Davis argues that liberal capitalism birthed the “third world” by, for example, destroying communal relief efforts in India that existed for generations prior to colonialism. This destruction benefitted the British, who profited from exported grain and a malleable labor force. Likewise, China’s Qing Dynasty had an effective bureaucratic system for coping with climate disasters and food shortages during the 18th century, and Davis shows that this system was dismantled in the face of European encroachment on Qing power. Brazil’s First Republic, Davis argues, deliberately neglected the sertão and its inhabitants because it was an ethnically diverse region populated by many descendants of former enslaved people.

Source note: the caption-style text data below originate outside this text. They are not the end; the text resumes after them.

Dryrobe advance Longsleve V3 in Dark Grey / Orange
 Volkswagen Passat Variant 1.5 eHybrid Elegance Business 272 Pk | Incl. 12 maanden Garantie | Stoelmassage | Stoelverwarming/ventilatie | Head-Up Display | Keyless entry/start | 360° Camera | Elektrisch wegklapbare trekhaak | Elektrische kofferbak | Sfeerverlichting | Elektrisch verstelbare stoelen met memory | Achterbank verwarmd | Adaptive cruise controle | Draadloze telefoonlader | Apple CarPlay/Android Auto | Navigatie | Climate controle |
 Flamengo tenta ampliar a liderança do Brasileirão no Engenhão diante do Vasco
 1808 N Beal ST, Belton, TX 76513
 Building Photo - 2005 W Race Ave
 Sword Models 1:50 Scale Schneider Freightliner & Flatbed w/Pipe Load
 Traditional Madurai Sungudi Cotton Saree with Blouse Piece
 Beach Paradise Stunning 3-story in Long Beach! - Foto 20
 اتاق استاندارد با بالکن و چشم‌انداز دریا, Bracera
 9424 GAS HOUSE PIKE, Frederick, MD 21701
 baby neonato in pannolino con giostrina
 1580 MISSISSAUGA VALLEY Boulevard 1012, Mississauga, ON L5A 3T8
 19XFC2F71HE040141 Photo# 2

Furthermore, elite ranchers supported this neglect because it trapped impoverished people in the region, thus giving the ranchers a consistent and exploitable labor force. Meanwhile British loans bolstered Brazil’s faltering economy but offered no support for the sertão. Davis also shows that population pressures resulted from policy choices, not uncontrolled growth that simply made famine victims vulnerable to ENSO climate fluctuations and crises. Impoverished people flooded into marginal lands in northern China and Brazil, for example, because authorities formally and informally encouraged their movement. Moreover, in Brazil, the state consciously prevented drought victims in the backland from migrating to the more prosperous south due to Eurocentric, racist ideas about the ethnically diverse population of the sertão. Economic and political interests are therefore responsible for the developing (or “third”) world’s existence today.